Data extract:
......
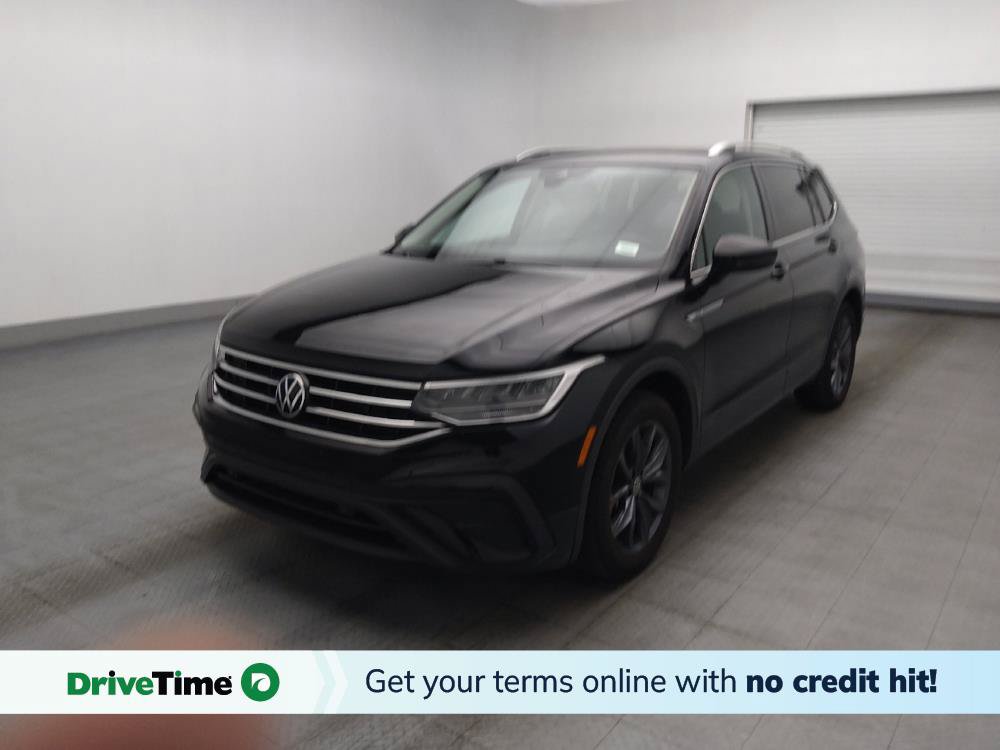 Used 2023 Volkswagen Tiguan SE w/ Panoramic Sunroof Package FWD image 1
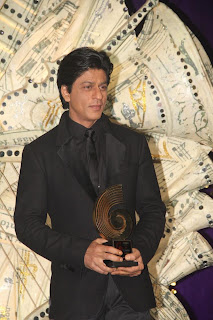 SRK at GIMA Awards 2012 Images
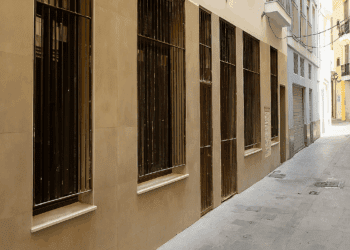 Un dúplex de 84 metros por 650.000 euros en pleno ‘barrio chino’ de Valencia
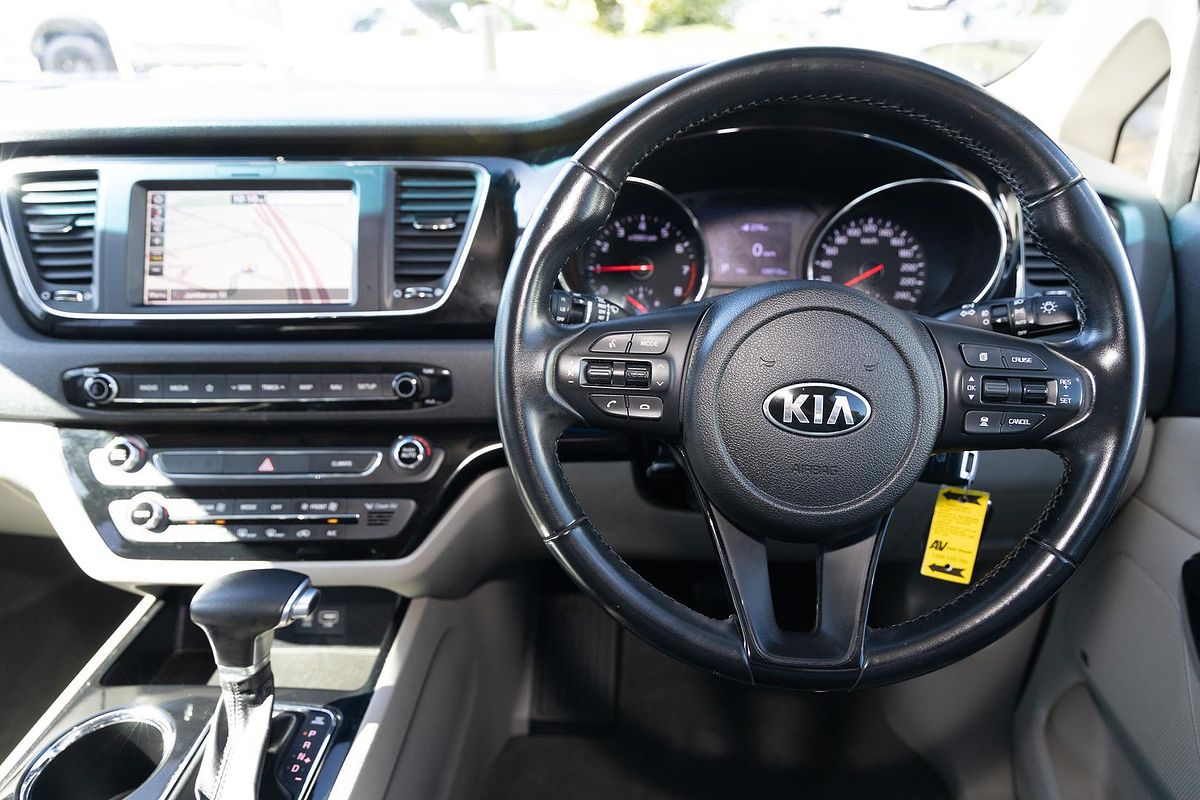 2018 Kia Carnival Si YP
......
Exercise: Word for word, write out the whole listing, keeping none of the pictures.

Worked solution:
 Used 2023 Volkswagen Tiguan SE w/ Panoramic Sunroof Package FWD image 1
 SRK at GIMA Awards 2012 Images
 Un dúplex de 84 metros por 650.000 euros en pleno ‘barrio chino’ de Valencia
 2018 Kia Carnival Si YP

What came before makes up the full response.